== Segment start ==

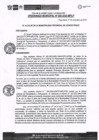 Vista preliminar de documento Ordenaza Municipal N° 020-2023-MPLP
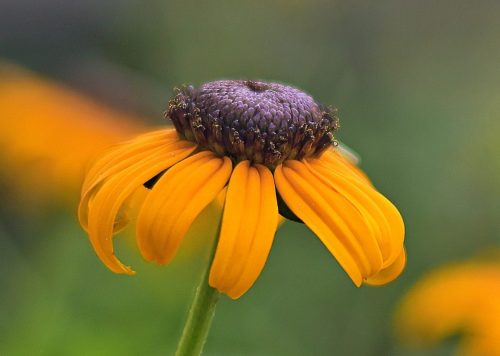 Novice-3rd-Lazy-Petals-Gregory-Taylor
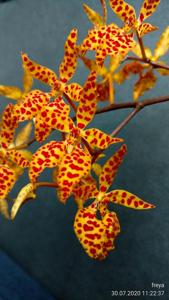 Renanthera monachica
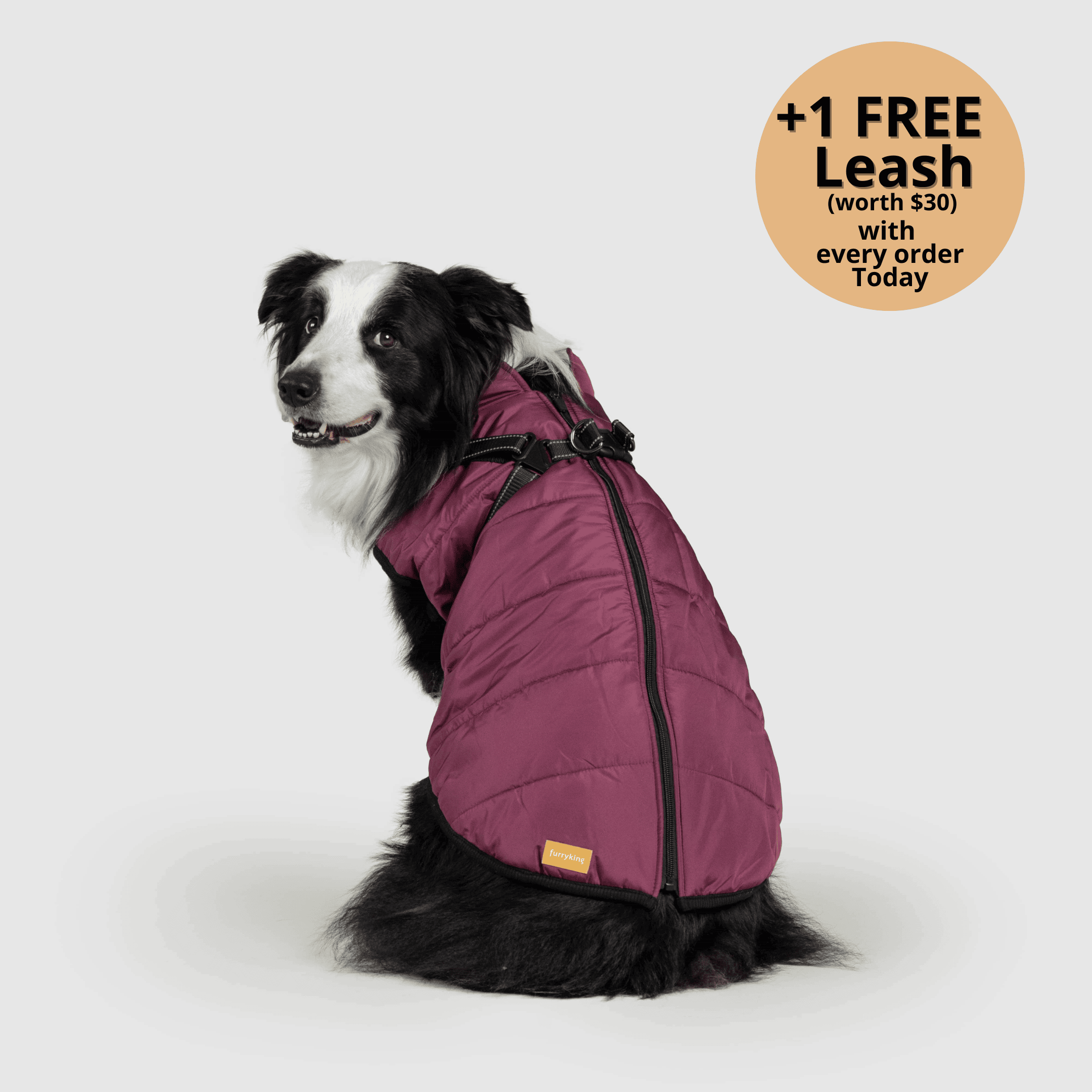 Dog winter jacket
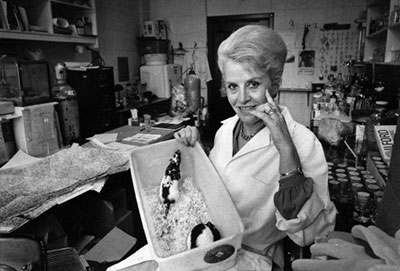sav _1&nbsp;&nbsp;H x W: 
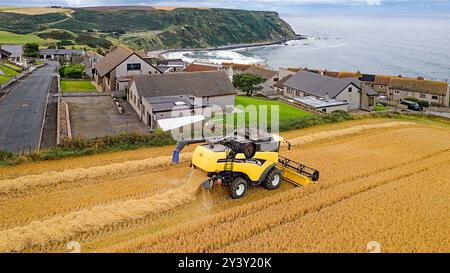 Kombinieren Sie Harvester Gardenstown Aberdeenshire Schottland die Dorfhäuser und einen Harvester auf dem Feld im Spätsommer Moray Firth in der Ferne Stockfoto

== Segment end ==

## What needs to be done
Word for word, restate the lines from the line containing "Novice-3rd-Lazy-Petals-Gregory-Taylor" through the end of the data, including the first and last of them. Pictures stay out.

## The answer
 Novice-3rd-Lazy-Petals-Gregory-Taylor
 Renanthera monachica
 Dog winter jacket
sav _1&nbsp;&nbsp;H x W: 
 Kombinieren Sie Harvester Gardenstown Aberdeenshire Schottland die Dorfhäuser und einen Harvester auf dem Feld im Spätsommer Moray Firth in der Ferne Stockfoto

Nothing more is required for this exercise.